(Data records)
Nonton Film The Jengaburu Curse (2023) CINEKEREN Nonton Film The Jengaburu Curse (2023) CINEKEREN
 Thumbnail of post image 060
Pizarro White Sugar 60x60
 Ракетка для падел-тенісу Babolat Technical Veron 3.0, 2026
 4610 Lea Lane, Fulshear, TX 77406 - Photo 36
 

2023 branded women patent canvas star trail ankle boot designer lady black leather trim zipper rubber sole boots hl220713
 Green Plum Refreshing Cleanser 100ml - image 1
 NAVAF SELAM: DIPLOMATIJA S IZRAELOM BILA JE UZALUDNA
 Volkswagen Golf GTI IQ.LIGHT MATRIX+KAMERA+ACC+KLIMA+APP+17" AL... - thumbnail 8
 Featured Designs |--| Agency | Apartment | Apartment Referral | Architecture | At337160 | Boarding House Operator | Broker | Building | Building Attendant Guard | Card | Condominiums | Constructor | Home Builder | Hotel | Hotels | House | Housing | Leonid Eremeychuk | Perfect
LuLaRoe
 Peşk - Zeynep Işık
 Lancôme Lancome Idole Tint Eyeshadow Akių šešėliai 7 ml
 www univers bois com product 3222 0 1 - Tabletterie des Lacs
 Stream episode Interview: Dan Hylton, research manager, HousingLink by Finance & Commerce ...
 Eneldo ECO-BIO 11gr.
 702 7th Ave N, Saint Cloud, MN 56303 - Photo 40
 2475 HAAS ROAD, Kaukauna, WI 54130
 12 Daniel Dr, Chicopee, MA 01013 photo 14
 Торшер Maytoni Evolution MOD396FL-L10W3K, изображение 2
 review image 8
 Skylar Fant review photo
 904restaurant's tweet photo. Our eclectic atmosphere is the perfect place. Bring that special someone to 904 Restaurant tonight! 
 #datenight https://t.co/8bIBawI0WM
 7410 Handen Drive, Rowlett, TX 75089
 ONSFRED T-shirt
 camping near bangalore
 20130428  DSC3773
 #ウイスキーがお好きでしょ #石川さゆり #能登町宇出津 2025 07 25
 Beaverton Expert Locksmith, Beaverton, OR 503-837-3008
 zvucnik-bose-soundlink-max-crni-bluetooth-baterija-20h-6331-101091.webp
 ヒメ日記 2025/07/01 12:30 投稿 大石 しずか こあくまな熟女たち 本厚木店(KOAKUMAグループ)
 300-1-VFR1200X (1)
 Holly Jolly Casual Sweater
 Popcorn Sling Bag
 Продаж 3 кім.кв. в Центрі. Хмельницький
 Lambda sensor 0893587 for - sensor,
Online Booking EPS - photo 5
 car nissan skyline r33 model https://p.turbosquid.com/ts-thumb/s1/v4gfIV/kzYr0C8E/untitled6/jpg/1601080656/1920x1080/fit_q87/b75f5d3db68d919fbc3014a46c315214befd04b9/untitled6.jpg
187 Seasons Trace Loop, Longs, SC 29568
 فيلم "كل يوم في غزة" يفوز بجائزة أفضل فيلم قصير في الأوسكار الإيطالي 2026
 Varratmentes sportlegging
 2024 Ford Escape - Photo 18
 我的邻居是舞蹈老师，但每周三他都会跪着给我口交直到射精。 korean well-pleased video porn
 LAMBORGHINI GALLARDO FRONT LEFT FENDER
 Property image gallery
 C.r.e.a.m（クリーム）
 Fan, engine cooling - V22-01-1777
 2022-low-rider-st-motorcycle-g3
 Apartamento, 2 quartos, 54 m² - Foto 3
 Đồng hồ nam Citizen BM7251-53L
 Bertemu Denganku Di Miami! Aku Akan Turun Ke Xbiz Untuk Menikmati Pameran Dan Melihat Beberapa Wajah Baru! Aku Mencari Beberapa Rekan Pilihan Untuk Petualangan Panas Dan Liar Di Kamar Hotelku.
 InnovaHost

**Exercise prompt**. Please return the records above in their exact form.

**Task result**.
Nonton Film The Jengaburu Curse (2023) CINEKEREN Nonton Film The Jengaburu Curse (2023) CINEKEREN
 Thumbnail of post image 060
Pizarro White Sugar 60x60
 Ракетка для падел-тенісу Babolat Technical Veron 3.0, 2026
 4610 Lea Lane, Fulshear, TX 77406 - Photo 36
 

2023 branded women patent canvas star trail ankle boot designer lady black leather trim zipper rubber sole boots hl220713
 Green Plum Refreshing Cleanser 100ml - image 1
 NAVAF SELAM: DIPLOMATIJA S IZRAELOM BILA JE UZALUDNA
 Volkswagen Golf GTI IQ.LIGHT MATRIX+KAMERA+ACC+KLIMA+APP+17" AL... - thumbnail 8
 Featured Designs |--| Agency | Apartment | Apartment Referral | Architecture | At337160 | Boarding House Operator | Broker | Building | Building Attendant Guard | Card | Condominiums | Constructor | Home Builder | Hotel | Hotels | House | Housing | Leonid Eremeychuk | Perfect
LuLaRoe
 Peşk - Zeynep Işık
 Lancôme Lancome Idole Tint Eyeshadow Akių šešėliai 7 ml
 www univers bois com product 3222 0 1 - Tabletterie des Lacs
 Stream episode Interview: Dan Hylton, research manager, HousingLink by Finance & Commerce ...
 Eneldo ECO-BIO 11gr.
 702 7th Ave N, Saint Cloud, MN 56303 - Photo 40
 2475 HAAS ROAD, Kaukauna, WI 54130
 12 Daniel Dr, Chicopee, MA 01013 photo 14
 Торшер Maytoni Evolution MOD396FL-L10W3K, изображение 2
 review image 8
 Skylar Fant review photo
 904restaurant's tweet photo. Our eclectic atmosphere is the perfect place. Bring that special someone to 904 Restaurant tonight! 
 #datenight https://t.co/8bIBawI0WM
 7410 Handen Drive, Rowlett, TX 75089
 ONSFRED T-shirt
 camping near bangalore
 20130428  DSC3773
 #ウイスキーがお好きでしょ #石川さゆり #能登町宇出津 2025 07 25
 Beaverton Expert Locksmith, Beaverton, OR 503-837-3008
 zvucnik-bose-soundlink-max-crni-bluetooth-baterija-20h-6331-101091.webp
 ヒメ日記 2025/07/01 12:30 投稿 大石 しずか こあくまな熟女たち 本厚木店(KOAKUMAグループ)
 300-1-VFR1200X (1)
 Holly Jolly Casual Sweater
 Popcorn Sling Bag
 Продаж 3 кім.кв. в Центрі. Хмельницький
 Lambda sensor 0893587 for - sensor,
Online Booking EPS - photo 5
 car nissan skyline r33 model https://p.turbosquid.com/ts-thumb/s1/v4gfIV/kzYr0C8E/untitled6/jpg/1601080656/1920x1080/fit_q87/b75f5d3db68d919fbc3014a46c315214befd04b9/untitled6.jpg
187 Seasons Trace Loop, Longs, SC 29568
 فيلم "كل يوم في غزة" يفوز بجائزة أفضل فيلم قصير في الأوسكار الإيطالي 2026
 Varratmentes sportlegging
 2024 Ford Escape - Photo 18
 我的邻居是舞蹈老师，但每周三他都会跪着给我口交直到射精。 korean well-pleased video porn
 LAMBORGHINI GALLARDO FRONT LEFT FENDER
 Property image gallery
 C.r.e.a.m（クリーム）
 Fan, engine cooling - V22-01-1777
 2022-low-rider-st-motorcycle-g3
 Apartamento, 2 quartos, 54 m² - Foto 3
 Đồng hồ nam Citizen BM7251-53L
 Bertemu Denganku Di Miami! Aku Akan Turun Ke Xbiz Untuk Menikmati Pameran Dan Melihat Beberapa Wajah Baru! Aku Mencari Beberapa Rekan Pilihan Untuk Petualangan Panas Dan Liar Di Kamar Hotelku.
 InnovaHost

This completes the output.